望潮亭通信

無常なる世界を見るは楽しかり

議会との距離感

 法律など社会に適用される規則は、選挙で選ばれた議員が議会で審議して決定するというのが民主主義の基本だ。だが、議会で決めた規則が人々の意向、利害と常に一致しているとは限らないから、人々は議会を監視し、時には議員に人々の意向を知らしめるように働きかけることが必要になったりする。

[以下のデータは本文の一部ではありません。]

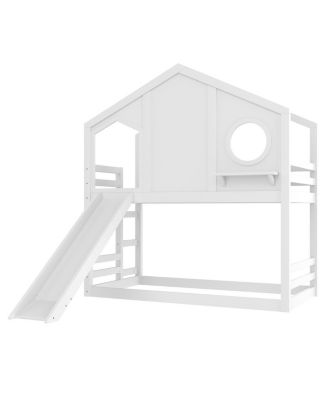 Twin House Bunk Bed with Slide & Storage Shelves, Solid Wood Loft Bed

 だが、議会といっても一つだけではない。市町村ごとに議会があり、都道府県ごとに議会があり、さらに国会がある。だから、ある地域の人々が意向、利害などを議会の審議に反映させようとしても、市町村の議会なら働きかけた効果が出やすいだろうが、都道府県の議会、国会と進むにつれて、議員を選び出す地域の面積が拡大し、特定の地域だけの意向、利害を議会の決定に反映させることは簡単ではなくなる。

 国レベルの議会の先にさらに、複数の国が形成する超国家的な議会があるなら、ある地域の意向、利害を反映させることはかなり難しいだろう。そうした議会は地域の意向からは遠ざかる。特定の地域の利害などにとらわれない理念が先行する議論を行い、普遍的な価値観に基づく規則を制定する傾向があるだろう。地域性は特殊性でもあり、議会が地域から離れるにつれて、特殊性より普遍性が説得力を持つ。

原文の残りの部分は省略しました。